*Data section*.
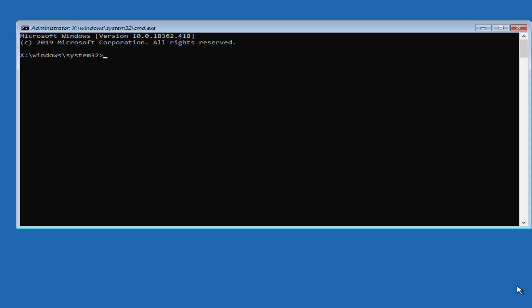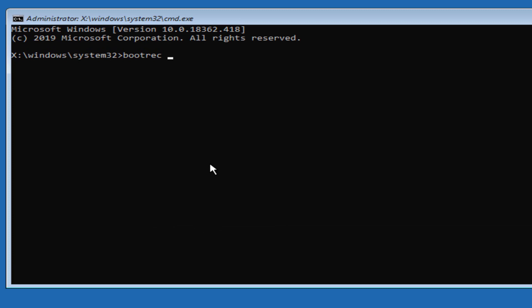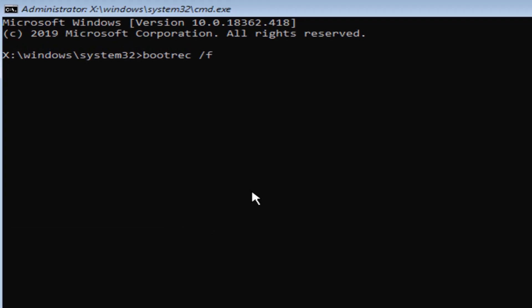Hey what's up guys, today on this video I will show you how we can fix the 'access is denied' error while using the command bootrec /fixboot on Windows. Let me show you the problem first. When I use the command bootrec /fixboot, you can see access is denied. On this video I will show you how we can fix this error in one simple command.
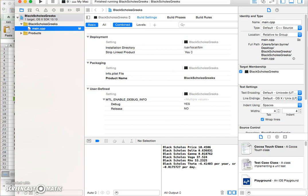Okay, so that's implementing the option Greeks. Delta, gamma, vega, theta and rho in Xcode using the C++ compiler in Xcode.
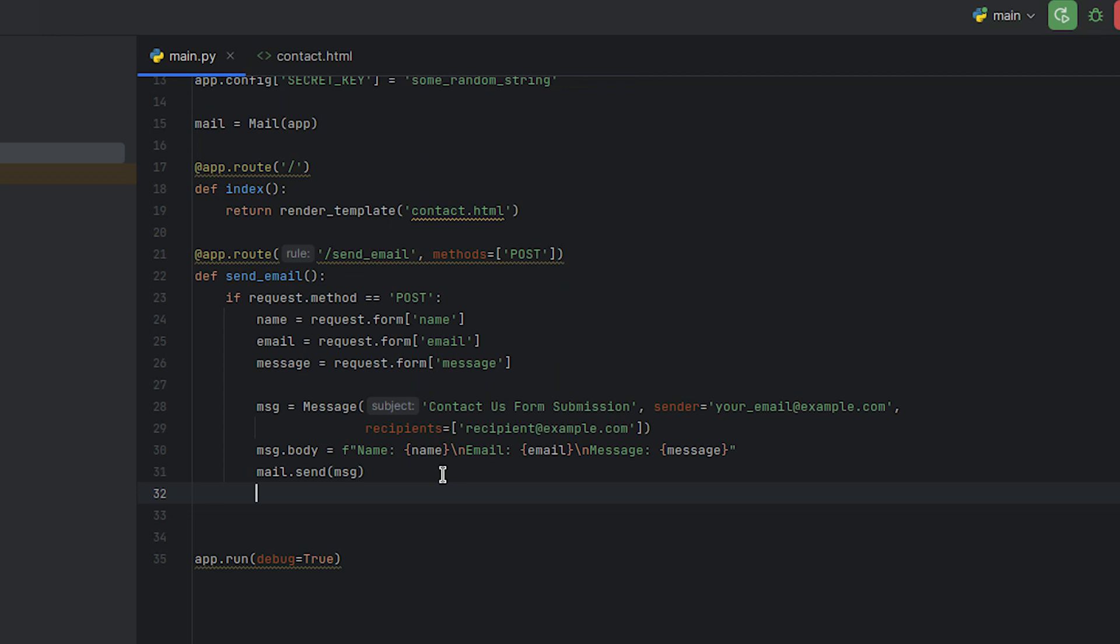Next, we need to call the Flash function. This function is a useful tool for conveying information to the user, such as success notifications, error messages, warnings, etc.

*Your goal*. Leave out the pictures and retype every line above exactly.

*Exercise result*.
Hey what's up guys, today on this video I will show you how we can fix the 'access is denied' error while using the command bootrec /fixboot on Windows. Let me show you the problem first. When I use the command bootrec /fixboot, you can see access is denied. On this video I will show you how we can fix this error in one simple command.
Okay, so that's implementing the option Greeks. Delta, gamma, vega, theta and rho in Xcode using the C++ compiler in Xcode.
Next, we need to call the Flash function. This function is a useful tool for conveying information to the user, such as success notifications, error messages, warnings, etc.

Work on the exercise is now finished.